Yield 311 mg (70%). Yellow crystals, mp 235–237 °C. IR (KBr, cm⁻¹): 3342 (NH), 3171 (=CH), 2922, 2851 (CH), 1633 (CO), 1594, 1574, 1521, 1495 (C=C), 1351, 1126 (SO₂). ¹H NMR (400.13 MHz, CDCl₃): δ 10.60 (br.s, 1H, NH, CO-pyrrole), 9.89 (br.s, 1H, NH, pyrrole), 7.73–7.71 (m, 2H, Ph), 7.65–7.63 (m, 2H, Ph), 7.56–7.52 (m, 1H, Ph), 7.44–7.40 (m, 2H, Ph), 7.20–7.19 (m, 2H, Ph), 7.17–7.15 (m, 1H, H-2, CO-pyrrole), 6.68–6.67 (m, 1H, H-3, pyrrole), 2.61–2.59 (m, 2H, CH_2–7), 2.51–2.48 (m, 2H, CH_2–4), 2.36 (s, 3H, CH₃), 1.79–1.78 (m, 2H, CH_2–5), 1.73–1.71 (m, 2H, CH_2–6). ¹³C NMR (100.61 MHz, CDCl₃): δ 192.5, 144.5, 139.8, 137.7, 132.5, 129.7 (3C), 129.6 (2C), 129.2, 128.4 (2C), 127.2 (2C), 124.1, 123.9, 121.3, 119.5, 118.8, 112.4, 24.0, 23.6, 23.1, 23.1, 21.7. Anal. Calcd for C₂₆H₂₄N₂O₃S: C, 70.25; H, 5.44; N, 6.30; S, 7.21%. Found: C, 70.40; H, 5.25; N, 6.44; S, 7.04%. HRMS (ESI-TOF): found 445,1586. Calcd. for [C₂₆H₂₄N₂O₃S+H]⁺ 445,1589.

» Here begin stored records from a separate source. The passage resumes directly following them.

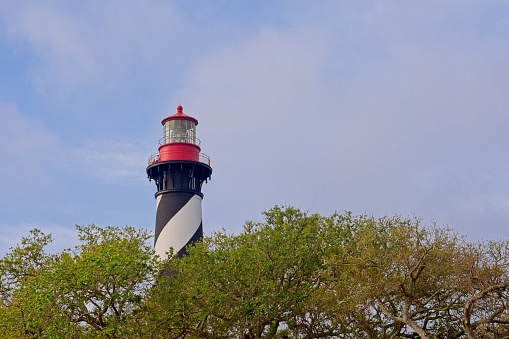 The Saint Augustine lighthouse stands above the native trees. The 1874 lighthouse stands near where the Matanzas river flows into the Atlantic near the Saint Augustine Inlet.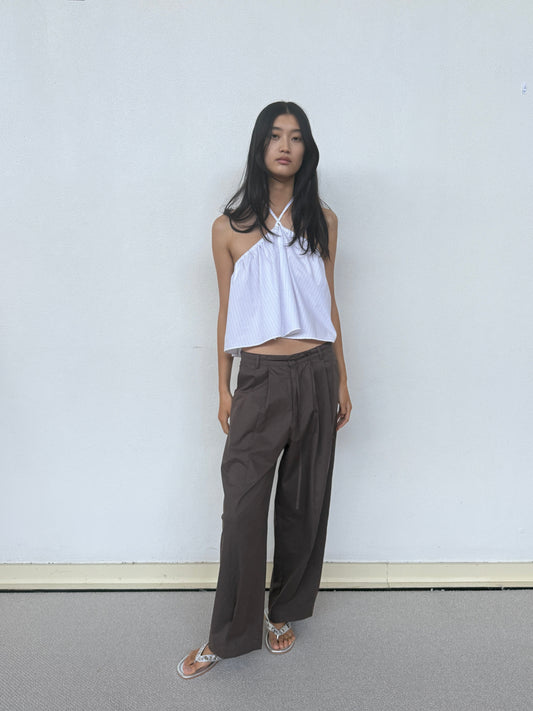 A young woman with long dark hair and a relaxed expression stands against a plain light wall, wearing a sleeveless white halter top, 0 Turn Pant in Cocoa, and sandals.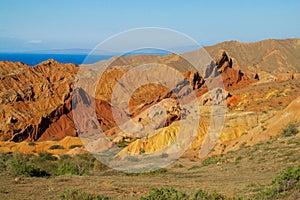 Yellow and red mountain rock formation valley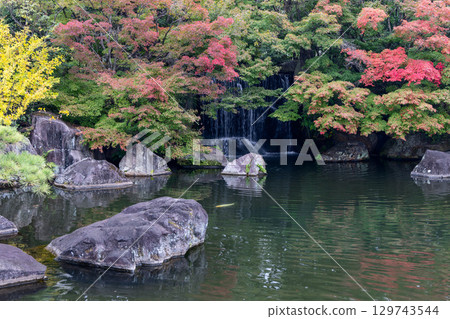 Japanese garden pond with autumn trees and waterfall scene 129743544
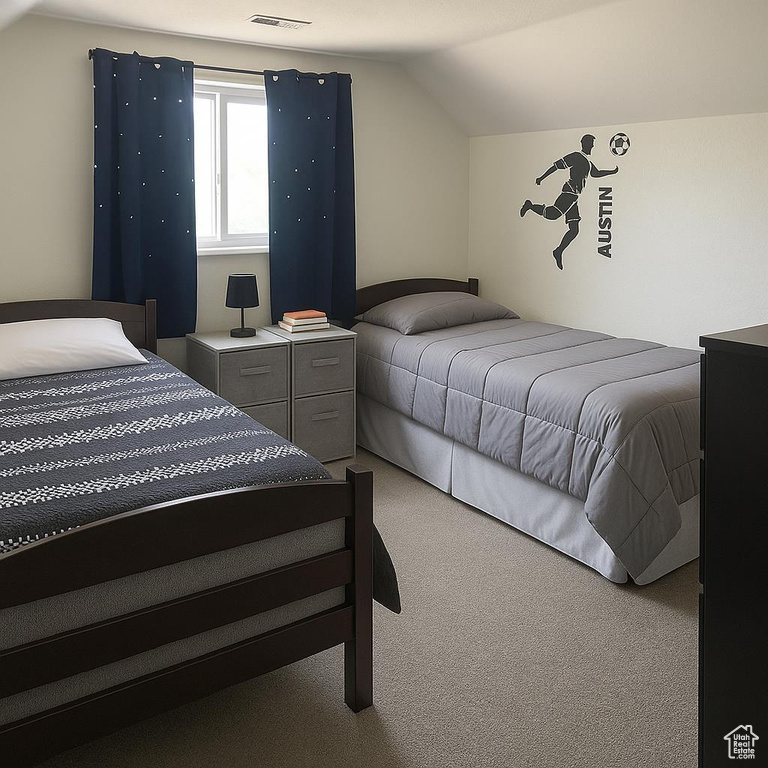 Carpeted bedroom with vaulted ceiling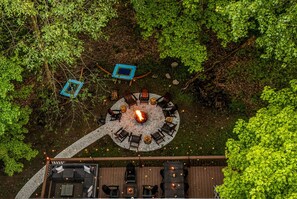 Gather around the fire pit under the stars in our serene outdoor seating area, surrounded by nature. A perfect place to relax and enjoy the peaceful Poconos evenings.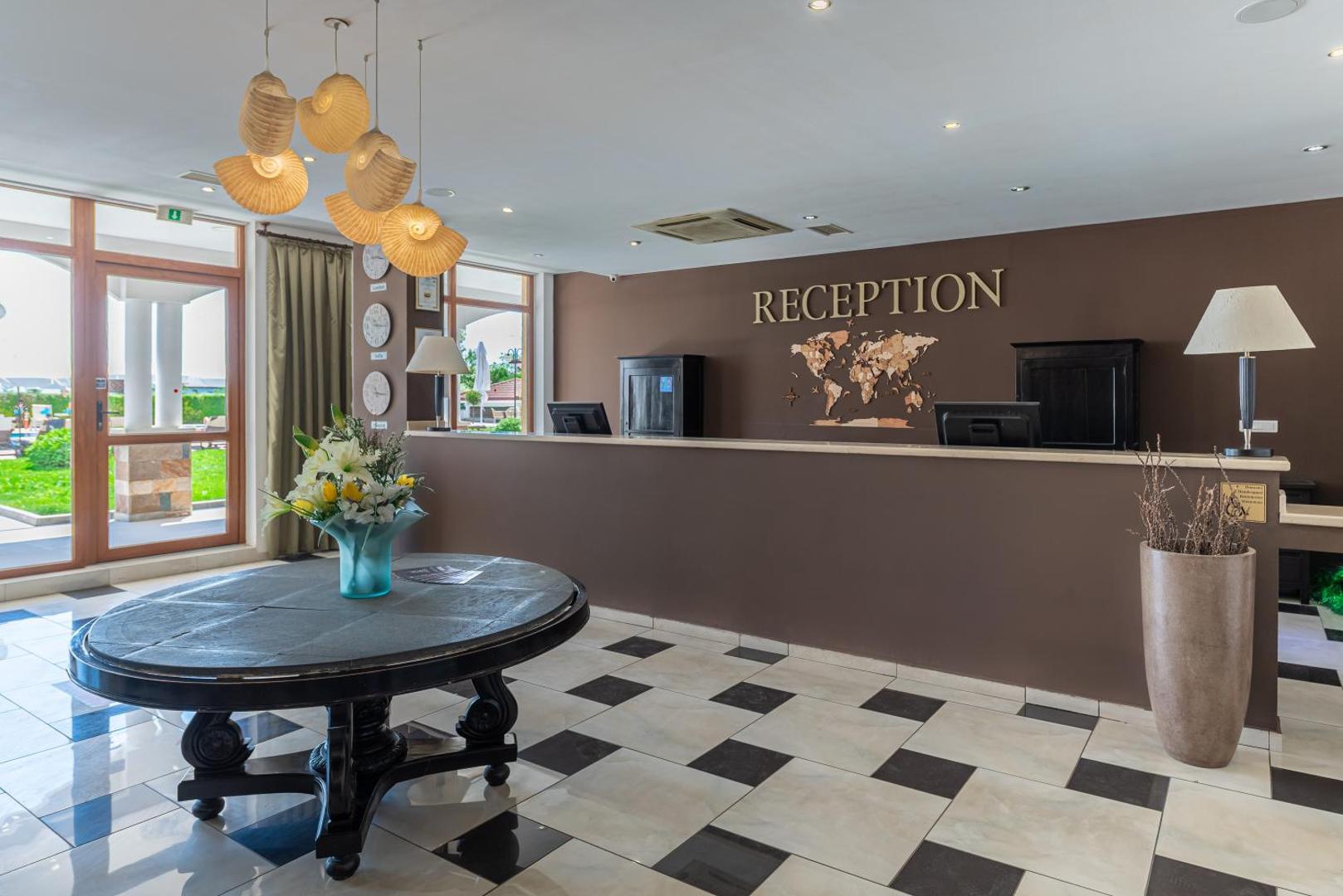 Sunrise All Suites Resort viesnīcas recepcijas zona ar modernu interjeru, pasaules karti pie sienas un dizaina gaismekļiem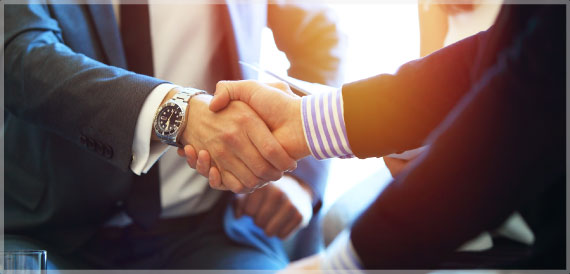 Business men shake hands.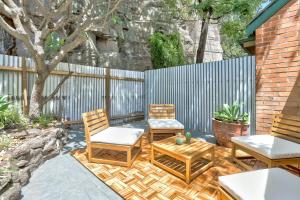 two chairs and a table on a patio at 2 Bedroom House Darling Harbour Kent St in Sydney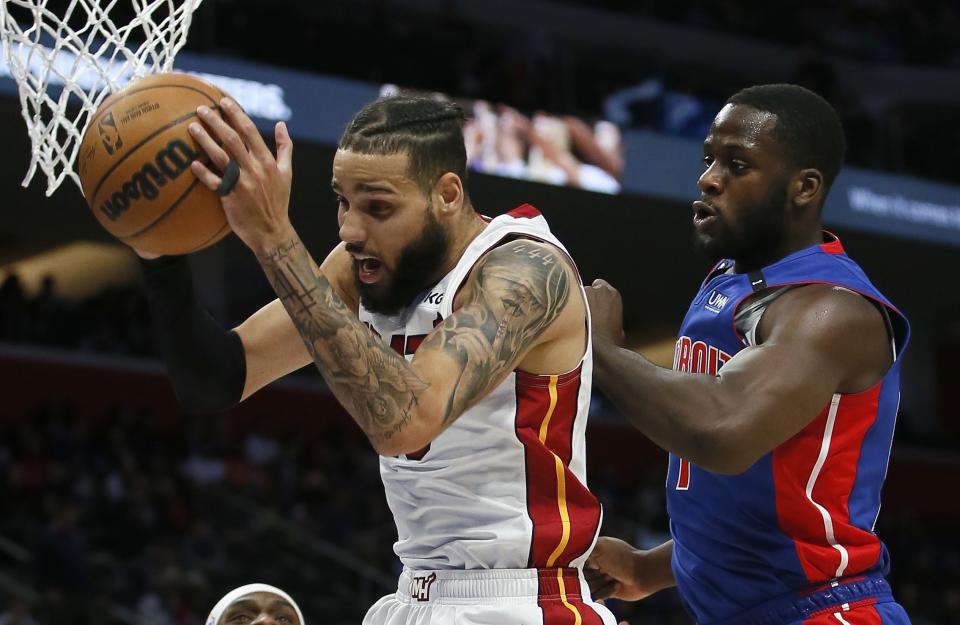 Miami Heat forward Caleb Martin (16) grabs a rebound in front of Detroit Pistons forward Eugene Omoruyi, right, during the first half of an NBA basketball game, Sunday, March 19, 2023, in Detroit. (AP Photo/Duane Burleson)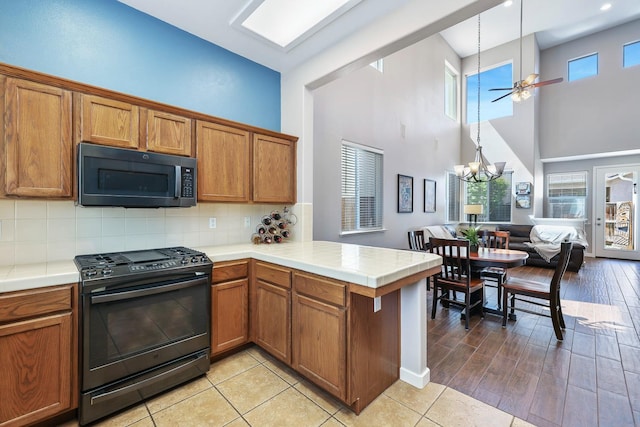 73 W Bordeaux Ln, Clovis, CA 93619 - kitchen featuring black appliances, a towering ceiling, a peninsula, brown cabinetry, and a ceiling fan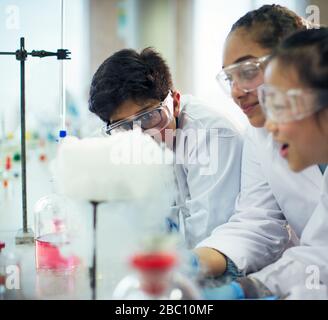 Students watching chemical reaction, conducting scientific experiment in laboratory classroom Stock Photo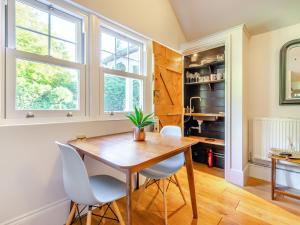 a dining room with a wooden table and chairs at Forest View Barn in Balcombe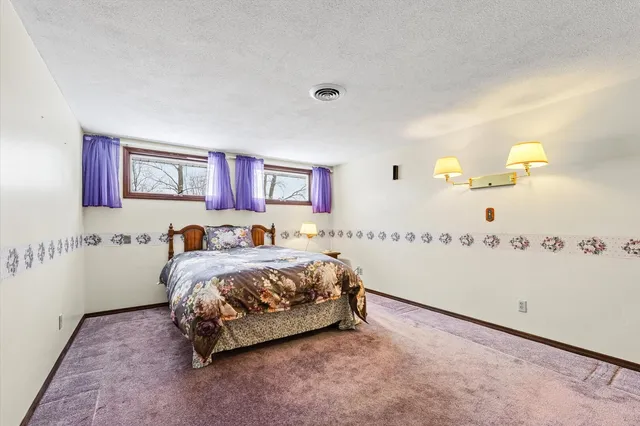 a view of a house with a snow in the yard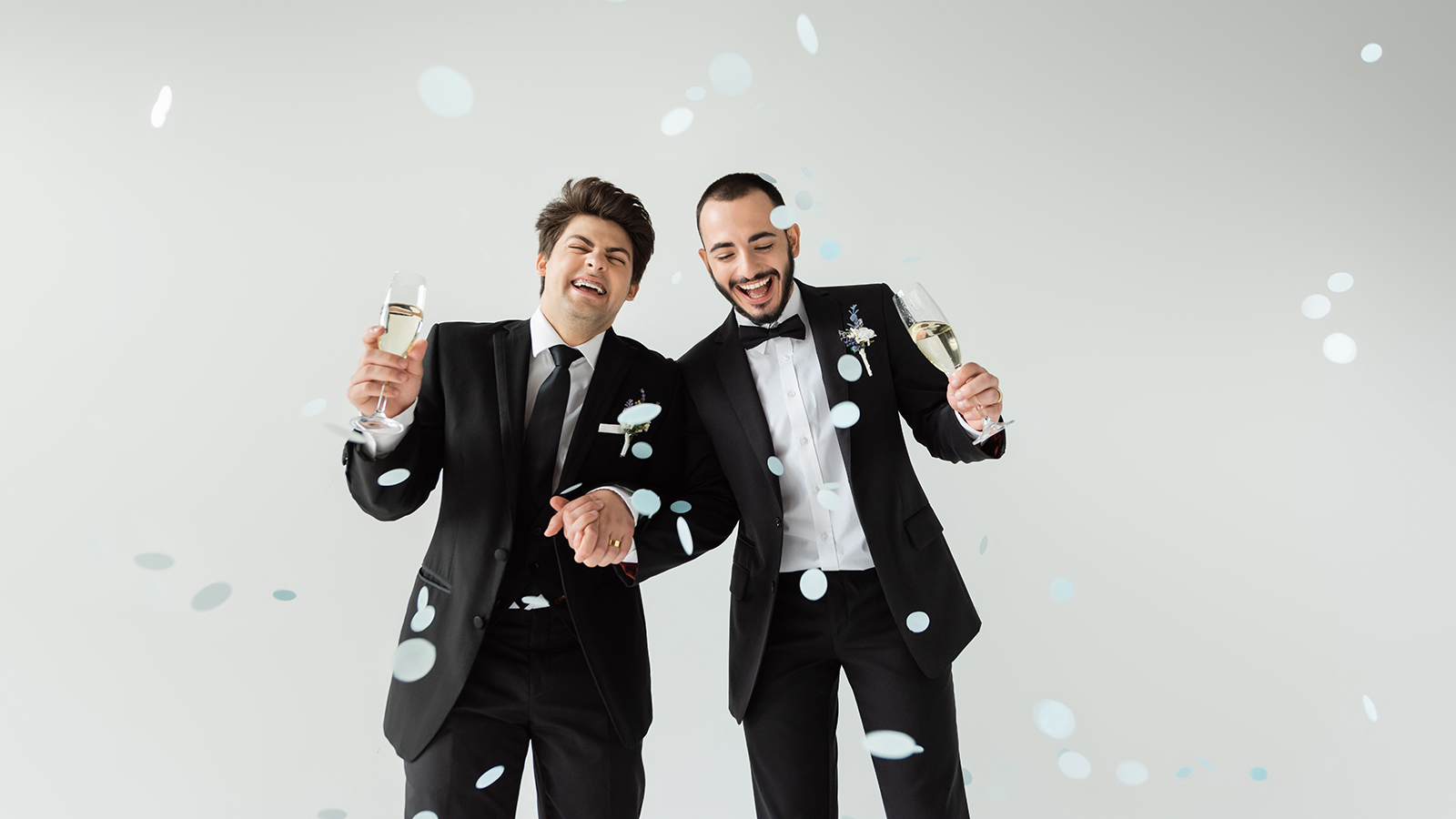 Excited homosexual grooms in elegant formal wear holding hands and glasses of champagne while standing under falling confetti during wedding on grey background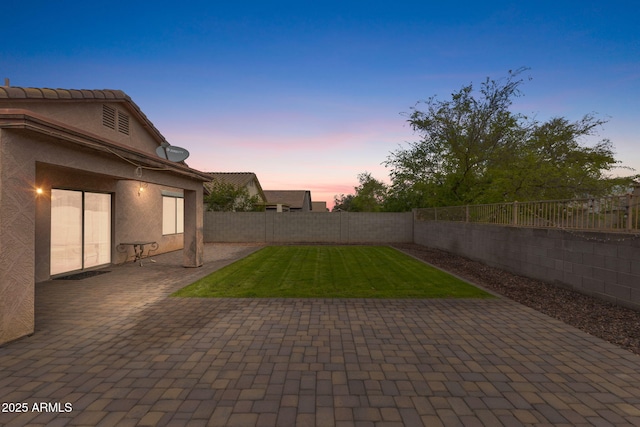 exterior space with a patio area and a fenced backyard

Furan-2-yl(4-(4,5,6,7-tetrahydro-1H-indol-2-yl)-5-tosyl-1H-pyrrol-3-yl)methanone (2f).

Yield 291 mg (67%). Yellow crystals, mp 173–175 °C. IR (KBr, cm⁻¹): 3278 (NH), 3019 (=CH), 2924, 2850 (CH), 1618 (CO), 1609, 1524, 1464 (C=C), 1351, 1138 (SO₂). ¹H NMR (400.13 MHz, CDCl₃): δ 10.39 (br.s, 1H, NH, CO-pyrrole), 10.27 (br.s, 1H, NH, pyrrole), 7.65–7.64 (m, 2H, Ph), 7.62–7.61 (m, 2H, H-5, H-3, furan), 7.16–7.14 (m, 2H, Ph), 7.12 (d, J = 3.5 Hz, 1H, H-2, CO-pyrrole), 6.64 (d, J = 2.2 Hz, 1H, H-3, pyrrole), 6.52 (dd, J = 3.5, 1.6 Hz, 1H, H-4, furan), 2.60–2.57 (m, 2H, CH_2–7), 2.51–2.48 (m, 2H, CH_2–4), 2.33 (s, 3H, CH₃), 1.81–1.75 (m, 2H, CH_2–5), 1.74–1.70 (m, 2H, CH_2–6). ¹³C NMR (100.6 MHz, CDCl₃): δ 177.9, 153.2, 147.0, 144.5, 137.7, 129.6 (2C), 129.1, 128.5, 127.2 (2C), 124.0, 123.8, 122.4, 119.9, 119.3, 118.6, 112.4, 112.3, 24.0, 23.5, 23.1, 23.0, 21.7. Anal. Calcd for C₂₄H₂₂N₂O₄S: C, 66.34; H, 5.10; N, 6.45; S, 7.38%. Found: C, 66.41; H, 5.87; N, 6.18; S, 7.22%. HRMS (ESI-TOF): found 435,1379. Calcd. for [C₂₄H₂₂N₂O₄S+H]⁺ 435,1383.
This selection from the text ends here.